The complaint, which attorneys general from California, New York, 15 other states and the District of Columbia filed on May 1 in federal district court in San Francisco, follows similar lawsuits brought by multiple environmental groups in three other district courts. They contend that the new rule violates the Administrative Procedure and Clean Water acts.
All but two of the 17 states that joined in the lawsuit have Democratic governors. The exceptions are Maryland and Massachusetts.
The intensifying court fight could well be a long one. Larry Liebesman, a senior adviser with water-resources consultancy Dawson & Associates, predicts that a large number of industry groups and other interested parties likely will get involved as the process goes on.
Moreover, whichever side loses in the various district courts is likely to appeal.
Liebesman, a former long-time trial attorney in the Justice Dept.'s Environment and Natural Resources Division, says, "This is definitely a Pandora's box. There's no doubt about it."
Complicating the landscape further, the New Mexico Cattle Growers' Association has filed a lawsuit in yet another district court. That challenge takes a different angle from the states' and environmentalists'. It contends the new rule still sets too wide a regulatory reach.
Rule's effective date
The states' and environmentalists' lawsuits seek to undo the navigable-waters rule, which the Environmental Protection Agency and U.S. Army Corps of Engineers published on April 21.
The rule, which greatly tightens the scope of what the Clean Water Act terms federally regulated “waters of the United States," will take effect on June 22—unless the courts rule to reject or block it.
The regulation is important to construction companies because it determines in which locations near wetlands and streams builders need to get a federal permit before they begin work.
Construction groups welcomed the Trump administration regulation. Among other things, it says that wetlands, lakes and ponds are not waters of the U.S. unless they directly touch other federally regulated waters. It also would remove from federal jurisdiction “ephemeral” streams, which flow only after rains or snow fall.
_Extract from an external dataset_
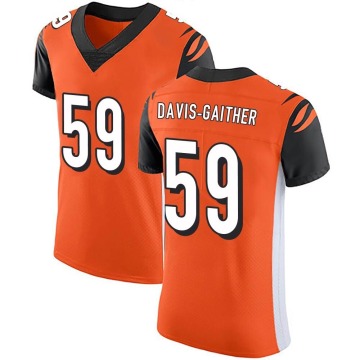 Akeem Davis-Gaither Men's Orange Elite Alternate Vapor Untouchable Jersey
An EPA spokesperson said in a statement emailed on April 30—before the states' filing but after the environmentalists'—that the agency "does not comment on specific litigation."
But she added, "EPA and the Dept. of the Army believe that the Navigable Waters Protection Rule will stand the test of time as it is securely grounded in the text of the Clean Water Act and is supported by legislative history and Supreme Court case law."
In their complaint, the states—joined by New York City and other agencies from California and North Carolina, are seeking to have the regulation vacated and set aside. California Attorney General Xavier Becerra said in a statement, "We don't intend to turn back the clock on clean waters. We'll prove that in court."
Environmentalists' lawsuits
The Annapolis-based Chesapeake Bay Foundation was first to move in the new round of litigation. On April 27, the foundation, with Shorerivers, another Maryland conservation organization, filed two lawsuits in federal district court in Baltimore.
One of the foundation's lawsuits seeks to have the court enjoin and vacate the new EPA-Corps rule. The other challenges an earlier Trump administration action to repeal a 2015 Obama administration Waters of the U.S. regulation, which embodied a much broader federal regulatory stance than the new EPA-Corps rule.
The foundation and Shorerivers explain they took the two-lawsuit approach because “the regulatory records are distinct and the standards for repealing an existing regulation and promulgating a new regulation differ.”
On April 29, other coalitions of environmental groups filed lawsuits in Charleston, S.C., and in Boston against the new navigable-waters regulation, contending that it violates the Administrative Procedure and Clean Water acts.
Blan Holman, senior attorney with the Southern Environmental Law Center, the lead plaintiff in the South Carolina case, said in a statement, “This unlawful rule puts the water used by hundreds of millions of Americans for drinking, bathing, fishing and business at risk as well as countless communities that deal with floods and hurricanes.
SCOTUS effect
Jon Devine, a senior attorney with the Natural Resources Defense Council—a plaintiff in the lawsuit filed in Boston—said the filings in multiple venues aren’t unusual for cases dealing with the scope of federal clean water authority.
Devine points out that in 2018, the U.S. Supreme Court ruled that challenges to the Obama Waters of the U.S. regulation had to originate in district courts, not in a single federal court of appeals.
Story updated on 5/1/2020 with EPA comment, states' lawsuit.